## GIVEN MATERIAL
----

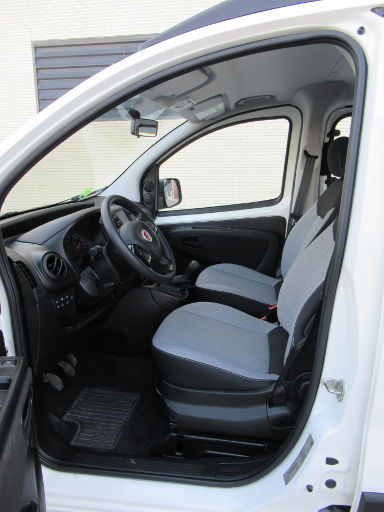 Fiat Qubo 1.3 16V Multijet, Innenraum Fahrer- und Beifahrer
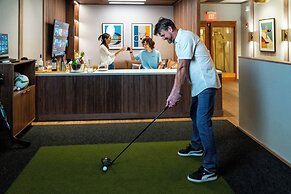 Lotus Honolulu at Diamond Head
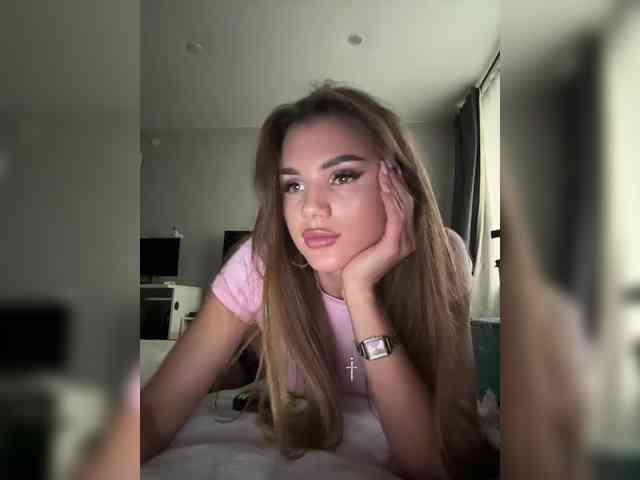 SweetyMia bongacams live cam model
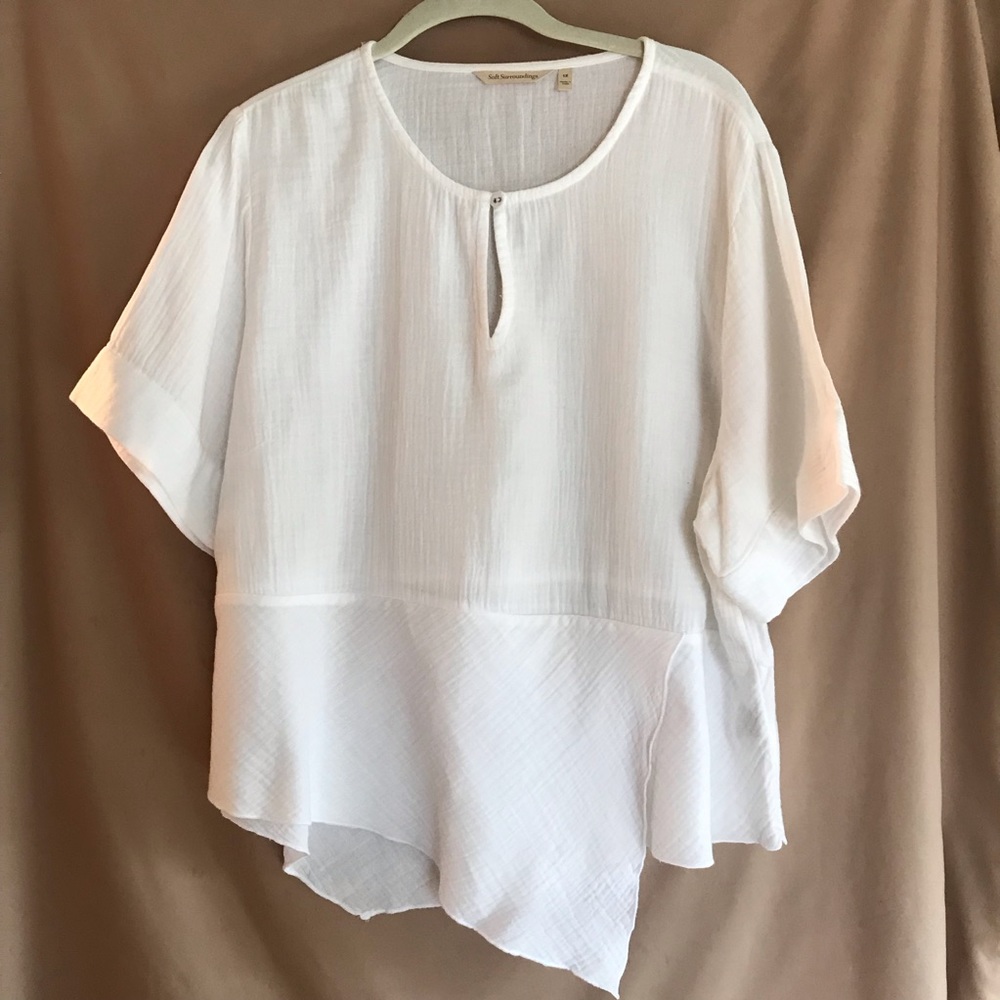 Soft Surroundings White Lightweight Asymmetrical Peasant Blouse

----

## EXERCISE OBJECTIVE
In your copy, reproduce the data above exactly and skip every picture.

## YOUR RESPONSE
 Fiat Qubo 1.3 16V Multijet, Innenraum Fahrer- und Beifahrer
 Lotus Honolulu at Diamond Head
 SweetyMia bongacams live cam model
 Soft Surroundings White Lightweight Asymmetrical Peasant Blouse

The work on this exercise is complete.